#### [YOUR ASSIGNMENT]
Below are entries with pictures in them. Output exactly the lines starting at the line with "PureSense Grapefruit UV" and ending at the line with "Gembird Power 1.8m (PC-C1-VDE-1.8M)", both included, but not the pictures.

#### [PROVIDED DATA]
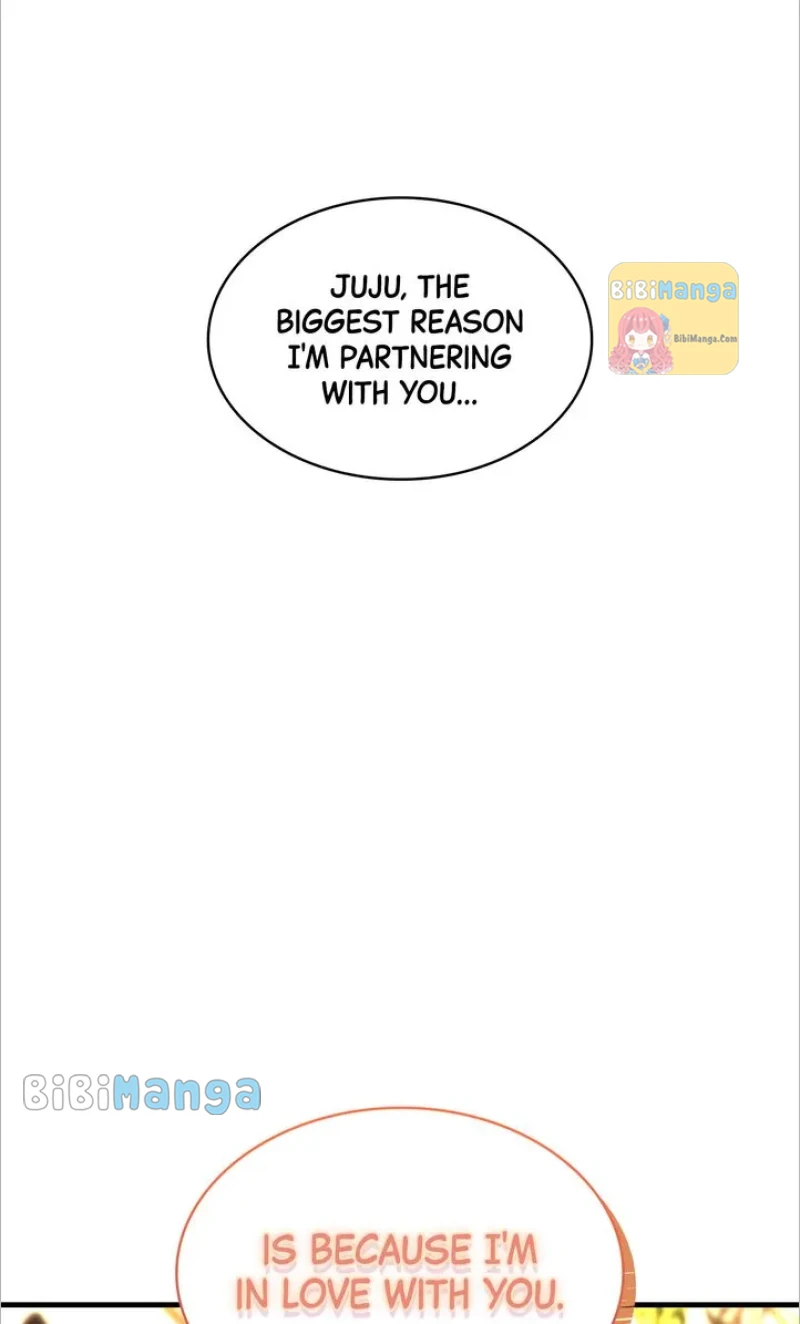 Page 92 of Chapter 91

...

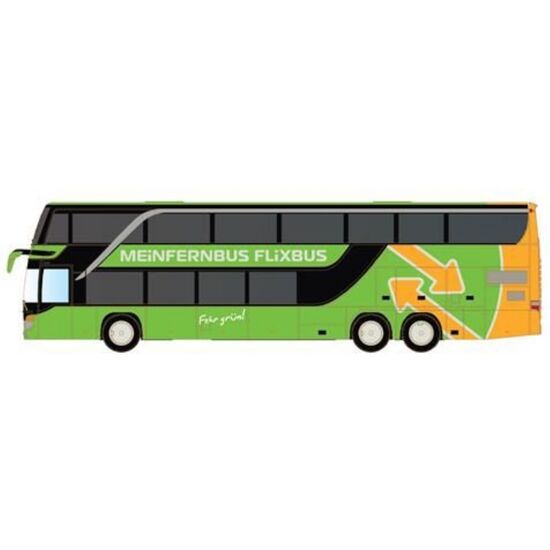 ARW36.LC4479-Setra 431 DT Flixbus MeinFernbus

---

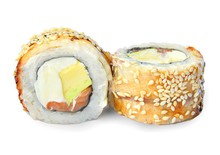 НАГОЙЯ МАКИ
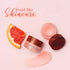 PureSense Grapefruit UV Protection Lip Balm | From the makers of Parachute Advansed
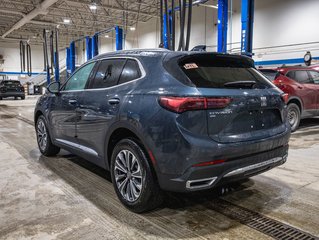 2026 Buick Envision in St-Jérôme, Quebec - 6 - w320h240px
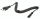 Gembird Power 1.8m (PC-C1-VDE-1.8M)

#### [OUTPUT FOR THIS TASK]
 PureSense Grapefruit UV Protection Lip Balm | From the makers of Parachute Advansed
 2026 Buick Envision in St-Jérôme, Quebec - 6 - w320h240px
 Gembird Power 1.8m (PC-C1-VDE-1.8M)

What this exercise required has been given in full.